今月は、連載の最終回と、新連載の1回目がダブり、4本の原稿を上げなくてはいけないハメになり、さすがに、限界間近。

このままではイライラが爆発しそうなので、こんな真夜中にメイプルシロップたっぷりのミルクを飲んでしまいました。。。

仕事が詰まっているときは、糖質制限は地獄です。

 

……ということで、ひとつ、ゲラを戻しましたので、あとは50枚の原稿を残すのみとなりました。

今月は、本当に苦しいのですけれど(それで逃避して、ブログを更新しまくっているのですが)、でも、これは嬉しい悲鳴ってやつです。

前にも書きましたが、連載をいただくというのは、今の時代、本当に狭き門なのです。私程度の作家に連載の依頼がくるのは、「フジコ」シリーズの余韻のようなものです。

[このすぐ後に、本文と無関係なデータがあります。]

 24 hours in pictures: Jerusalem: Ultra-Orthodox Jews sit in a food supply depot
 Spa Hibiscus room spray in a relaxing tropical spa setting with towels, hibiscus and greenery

これも前に触れましたが、私の場合、作品によって売れ行きがバラバラです。なので、こう考えています。あまり売れなかった作品こそが、「真梨幸子」の本来の実力だと。そのラインを超えて売れたものは、「たまたま」運が良かったのだと。

そう考えると、私の商品価値は、まだ全然なのです。

ところで、小説家志望の人を対象に書かれたにもかかわらず、プロの小説家に熱烈に支持されている本があります。↓

「小説講座 売れる作家の全技術 大沢在昌Amazon CAPTCHA

 

もちろん、私も持っています。紙と電子書籍版の二種類。

で、この本の中に、実に恐ろしいことが書かれているのです。

「(単行本の)初版が売れて(出版社の)儲けが出るためには、初版四万部刷らないといけない」

なんてことでしょう。私は、今までこんな恐ろしい言葉を聞いたことはありません。つまり、初版四万部が刷れない作家は赤字作家であり、もっといえば「いらない作家」ということなのです。

もちろん、私も「いらない作家」の一人です。

ぶっちゃけますと、今の私の単行本の初版は、(出版社によってまちまちですが)、だいたい、7,000部〜1万部です。1万部刷っていただけるとなると、「マジですか?!」と狂喜乱舞。祝杯をあげる勢いです。でも、それじゃ、全然ダメなのです。

じゃ、なぜ、「いらない作家」の本も出版してもらえるのかというと、単行本初版四万部のベストセラー作家さん(前述の本では、日本では20人いるかいないか)の儲けのおかげなのです。版元に漫画の部署があれば、漫画の儲けで、赤字作家も何とか本を作ってもらえているのです。

そう考えると、本当に申し訳なくて、情けなくて。

そんな私が、連載をいただいているのです。そりゃ、頑張らないといけないわけです。

そして、私もいつか、「赤字作家」から脱却して、版元の儲けに貢献したいものです。